About 3 or 4 months ago our beardie Lizzie laid her first clutch of eggs about 3months after we put another beardie Savannah in the vivarium. We think that savannah is a female, however Lizzie laid more eggs yesterday and when i held them upto a light, i could see a red mark/ circle outline in some of them.Can infertile eggs have marks in them?


----------



## paulh (Sep 19, 2007)

IMO, that red circle is a very young embryo. I would start to incubate those eggs and check them again for veins in a week or so. If you can see veins then you have a male and female.


----------



## tomcannon (Jan 2, 2008)

I don't actually have any experience of eggs however I would agree that if you can see something then I would have thought they should be incubated. Although unfertilised chicken eggs still have a yolk, so who knows.

Also, from what I've heard infertile eggs will be caved in slightly with dips for example whereas fertile eggs would be plump smooth/no dents and are more white in colour. 

Fertile eggs

Infertile eggs


----------



## Lauraaa130610 (Apr 3, 2012)

So do infertile eggs not have anything inside at all? She laid about 24 and only one was dented and the rest were perfect although i saw her lay so was able to see them in a good condition. the eggs were an off white colour. I didn't incubator them guys i was not prepared in anyway so couldn't. Some had a ring of red inside when putting a light to them and others i couldn't see anything in.
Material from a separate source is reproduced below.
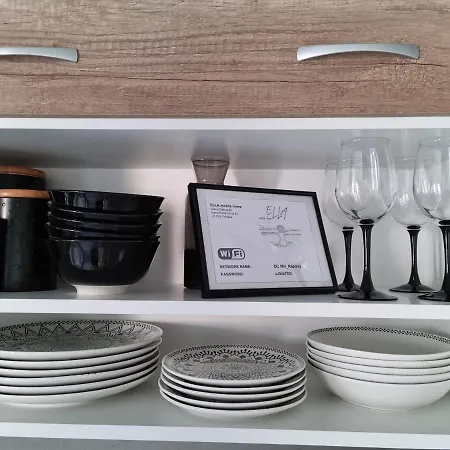 Nyaraló Ella Mobile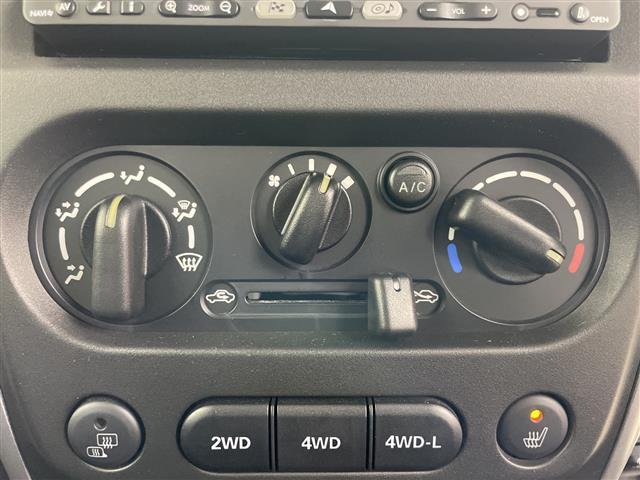 ジムニー ランドベンチャー　４ＷＤ　社外ナビ（ＭＡＸ５００）　ＣＤ／ワンセグＴＶ　ハーフレザーシート　Ｄ席シートヒーター　ルーフレール　社外ＬＥＤヘッドライト　ドアミラーヒーター（12枚目）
The previous clutch which were her first i just found in the tank under plastic plants and they were all caved in and dented 
and looked like they had been there a while.
Doesnt matter how many times i look at the other beardie i can't tell if its a boy or girl because i can't see any bumps at all so i assumed she's a girl. She's about 7inches long so you'd think it'd be obvious by now.


----------



## Lauraaa130610 (Apr 3, 2012)

And thankyou for replying i appreciate all the advice i can get.


----------



## R1Dan (Nov 8, 2009)

Lauraaa130610 said:


> Hi guys!
> About 3 or 4 months ago our beardie Lizzie laid her first clutch of eggs about 3months after we put another beardie Savannah in the vivarium. We think that savannah is a female, however Lizzie laid more eggs yesterday and when i held them upto a light, i could see a red mark/ circle outline in some of them.Can infertile eggs have marks in them?


Beardies have been known to store sperm for several months, so the other may not be a male.
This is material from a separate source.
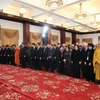 Delegations from the Ho Chi Minh City Party Committee, People’s Council, People’s Committee, Fatherland Front, and people from all walks of life observe a minute of silence to commemorate Party General Secretary Nguyen Phu Trong. (Photo: VNA)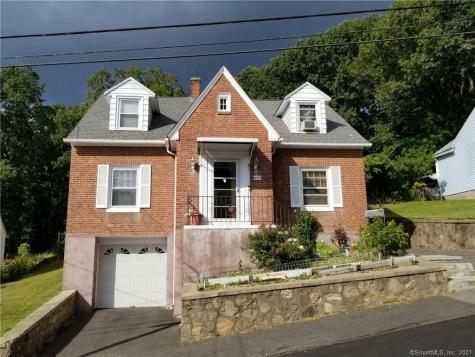 215 Wall Street Waterbury CT 06704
may i suggest you separate them anyway and also if you weren't to incubate the eggs then please put them in the freezer for a few days before you throw them.

Dan.


----------



## Lauraaa130610 (Apr 3, 2012)

I've had her for about two and half years so she wouldn't have stored sperm that long would she. Do you think the other must be a male then?


----------



## R1Dan (Nov 8, 2009)

Lauraaa130610 said:


> I've had her for about two and half years so she wouldn't have stored sperm that long would she. Do you think the other must be a male then?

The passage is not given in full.